Imagine you are a high school student. Your goals are set and your future is planned. Then, from nowhere and for no reason, you begin to hear voices inside your head. There is no one in the room. The television and radio are turned off. Over time, the voices grow louder. You start thinking someone is watching you and following you. These experiences occur more often. You see your doctor and are told "You have schizophrenia". What can be done? Antipsychotic drugs can control the voices and hallucinations. Drugs are also needed to control the side effects of antipsychotic drugs. When you receive the drugs, you feel sleepy. You can't concentrate. You sleep and eat more. It's a repeated cycle of feeling better and feeling tired. You can't keep up in school so you drop out.
This is what happens in Canada everyday. Someone is diagnosed with a mental illness or disorder. Whatever dreams they had are soon diminished. Their life is reduced to visits to their medical doctor, psychiatrist, psychiatric nurse, social worker, and welfare worker. Their self worth is reduced because they can't work or attend school. Friends, family, and others may avoid them and they become isolated. Why? People don't have information on mental illness or are misinformed.

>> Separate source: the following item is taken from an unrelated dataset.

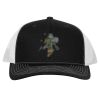 Mid Profile C112 Trucker Hat Thumbnail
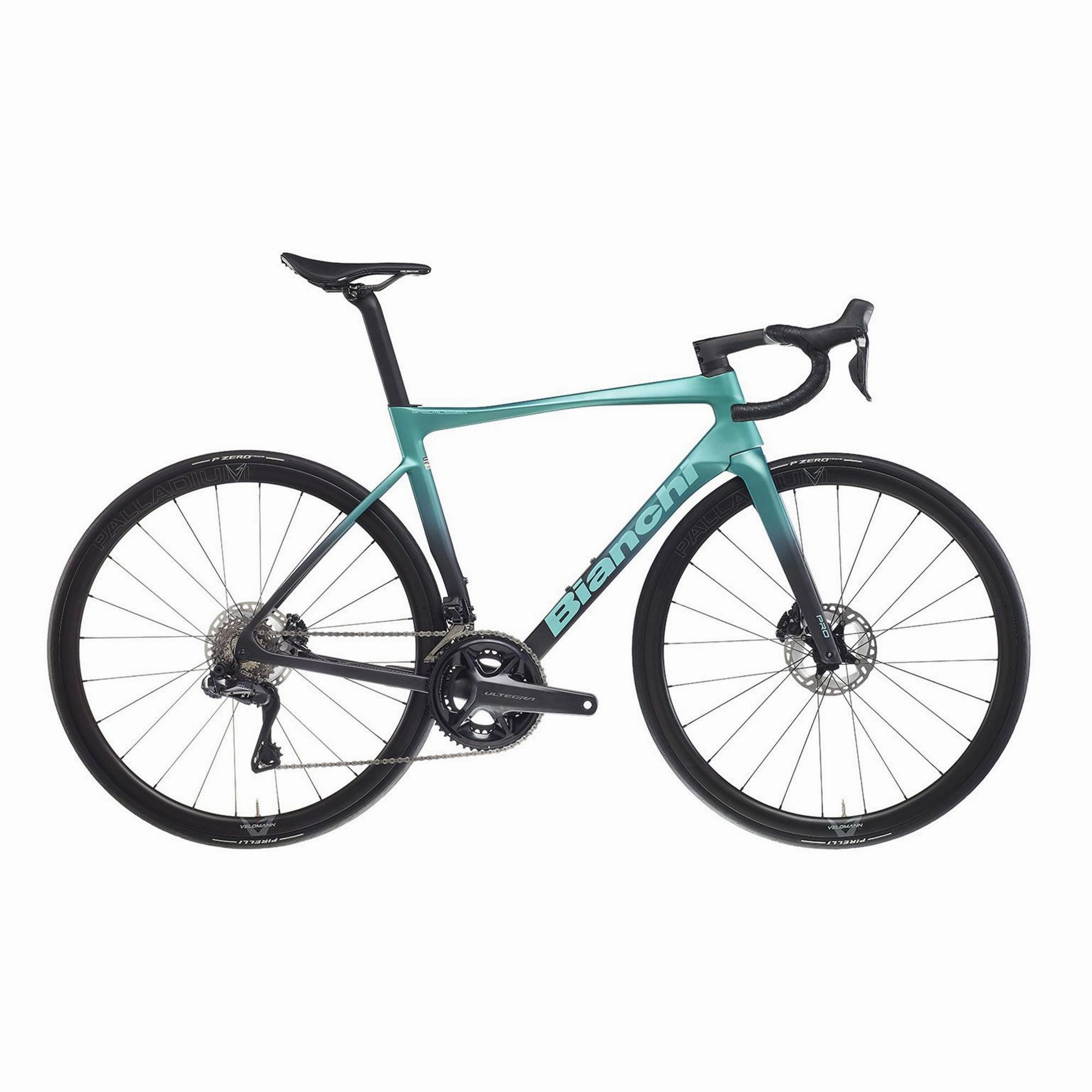 Bianchi Specialissima Pro Ultegra Di2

An important link to recovery for people with a mental illness is knowledge. It is not the person with a mental illness who needs the knowledge but those people who can help him to recovery. Many people with a mental illness have education goals but have very low literacy skills. They need literacy workers. Literacy workers need information on tutoring learners with a mental illness. Two excellent resources are Just Ask! A handbook for instructors of students being treated for mental disorders by Howard Davidson and Am I Welcome Here by Julia Rogers. Research is being done on supported education programs in many colleges and universities. The Centre for Psychiatric Rehabilitation at Boston University has a website for adult educators giving them information, tips, articles, etc. The website is at: http://www.bu.educ/sarpsych
The Canadian Mental Health Association has branches across Canada. The branches provide services for people with a mental illness. Staff can also answer questions and offer support. The national office has a website (http://www.cmha.ca) which provides links to other branches and mental health sites. If you are a literacy worker and need assistance, the Canadian Mental Health Association in Melfort, Saskatchewan has a resource library. Materials are available on loan by request. If you are looking for information on the Internet, there is no site linking literacy and mental illness or adult education and psychiatric disabilities. With this project, we hope to see one soon.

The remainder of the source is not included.